Süleyman’ın hayali, bir tekne restoran açarak eski karısı Suat’ın tüm aileyi bir araya toplayıp (elbette Süleyman Pazar günkü aile yemeklerine artık gitmiyor ama mutlaka eski karısı Suat tarafından kendisine ayrılan balıklı kuskusu kaldığı otel odasına paket yapılıp gönderiliyor), aşkla pişirdiği balıklı kuskusu tekne restoranında tüm liman kasabası Sète’nin beğenisine sunmak. Tabii ki bu tür bir işe kalkıştığında nasıl bir bürokrasiyle karşılaştığını görünce filmde bu tür işlemler dünyanın her yerinde aynı oluyormuş olgusunu da yaşıyorsunuz. Süleyman’ın pek çok zorlukla, yaman bürokratik engellerle karşılaşacağı bu büyük hayalinde en büyük destekçisi sevgilisinin gözüpek ve doğru bildiğini söylemekten çekinmeyen, kendisini babası yerine koymuş olan kızı Rym oluyor. Bürokratik engellerle daralan Süleyman, en sonunda çareyi, hayalinin nasıl bir şey olduğunu göstermek üzere tüm Sète kasabasının ileri gelenlerini tekne restoranına balıklı kuskus yemeğe davet etmekte buluyor. Umutla başlayan gece, Suat'ın evinden alınan ama teknenin mutfağına unutkanlık sebebiyle Süleyman'ın oğlunun arabasının bagajından getirilmemiş olan kayıp kuskusla tamamen başka noktalara sürükleniyor. Süleyman'ın kayıp kuskusun peşinde eski karısının evine geldiğinde mahallenin fırlama çocukları tarafından el konulan motosikletinin ardından koşuşturması doğrudan Vittorio De Sica'nın Ladri di Biciclette/ Bicycle Thieves / Bisiklet Hırsızları filmini anımsatıyor. Birbirine paralel geçen tekne, mahalle ve sevgilinin işlettiği otel sahnelerinde Süleyman'ın hayalinin gerçekleşip gerçekleşmediğini tamamen izleyicisine bırakmış Abdüllatif Keşiş. Filmin sonu yorumlarınıza kalıyor, gayet de hoş oluyor bu durum.
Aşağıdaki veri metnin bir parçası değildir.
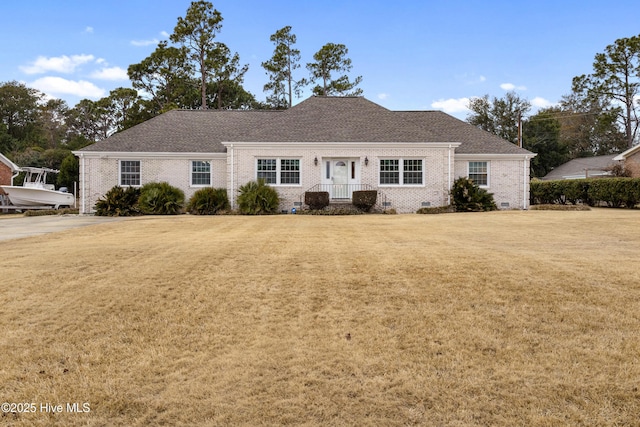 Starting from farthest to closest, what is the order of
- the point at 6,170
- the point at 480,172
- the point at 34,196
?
the point at 6,170 → the point at 34,196 → the point at 480,172

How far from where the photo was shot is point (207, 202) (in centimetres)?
2028

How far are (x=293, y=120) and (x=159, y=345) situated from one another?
1969 centimetres

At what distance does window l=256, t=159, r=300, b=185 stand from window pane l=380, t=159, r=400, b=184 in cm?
436

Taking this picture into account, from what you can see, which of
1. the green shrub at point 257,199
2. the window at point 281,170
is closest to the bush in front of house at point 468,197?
the window at point 281,170

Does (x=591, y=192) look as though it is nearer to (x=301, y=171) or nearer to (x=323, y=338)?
(x=301, y=171)

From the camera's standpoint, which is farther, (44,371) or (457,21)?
(457,21)

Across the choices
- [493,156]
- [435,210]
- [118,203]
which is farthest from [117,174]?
[493,156]

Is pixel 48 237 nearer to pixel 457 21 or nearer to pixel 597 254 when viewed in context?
pixel 597 254

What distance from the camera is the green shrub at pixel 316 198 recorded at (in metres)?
20.1

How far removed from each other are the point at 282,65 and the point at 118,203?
27.7 meters

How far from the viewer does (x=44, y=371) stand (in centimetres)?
345

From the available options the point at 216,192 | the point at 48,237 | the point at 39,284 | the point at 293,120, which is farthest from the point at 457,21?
the point at 39,284

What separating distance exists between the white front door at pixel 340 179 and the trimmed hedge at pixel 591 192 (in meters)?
14.5

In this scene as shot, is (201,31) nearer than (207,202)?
No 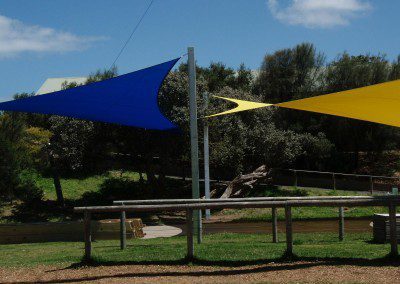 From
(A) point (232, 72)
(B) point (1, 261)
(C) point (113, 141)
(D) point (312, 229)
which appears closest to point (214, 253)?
(B) point (1, 261)

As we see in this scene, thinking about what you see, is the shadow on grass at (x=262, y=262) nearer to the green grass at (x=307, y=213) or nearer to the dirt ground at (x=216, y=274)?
the dirt ground at (x=216, y=274)

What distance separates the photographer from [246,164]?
26797 millimetres

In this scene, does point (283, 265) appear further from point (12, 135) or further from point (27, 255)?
point (12, 135)

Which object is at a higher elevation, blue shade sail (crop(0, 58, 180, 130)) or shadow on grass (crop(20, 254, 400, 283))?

Paris Match dergisinin “en sonunda Ken Loach’ımızı bulduk” diyerek gönderme yaptığı Abdüllatif Keşiş Tunus’ta doğmuş, 6 yaşındayken ailesiyle beraber Nice’e taşınmış, 2013 yılında Cannes Film Festivali’nin tartışmalı filmi La vie d'Adèle / Blue Is the Warmest Colour / Adèle’in Yaşamı filmiyle Altın Palmiye’yi kazanırken epey kendisinden söz ettirmiş bir yönetmen. Kendisi de göçmen asıllı olduğu için Le Graine et Le Mulet / The Grain and the Mullet / Balıklı Kuskus filminde, melez evliliklerle çok uluslu büyük bir aileye dönüşen Arap asıllı ailenin kültürlerarası gidiş gelişlerini çok hoş bir dille anlatmış.
Le Graine et Le Mulet / The Grain and the Mullet / Balıklı Kuskus filmini çok samimi bulduğumu söyleyerek yönetmenin tartışmalı filmi La vie d'Adèle / Blue Is the Warmest Colour / Adèle’in Yaşamı filmini sabırsızlıkla beklediğimi belirterek noktalıyorum günce notlarımı.
Balıklı kuskus demişken, bu yemeğin hazırlık aşamaları filmde çok ama çok güzel fakat aynı şeyi Arap – Fransız ve de melez çocuklarla bezeli ailenin bireylerinin, uzun ve keyifli Pazar öğle yemeği masasında, bu yemeği yerken geçen dakikaları için söyleyemeceğim. “Ağzımızda lokma varken konuşmamalıyız” sözünü hiç duymamış bu ailenin bireyleri!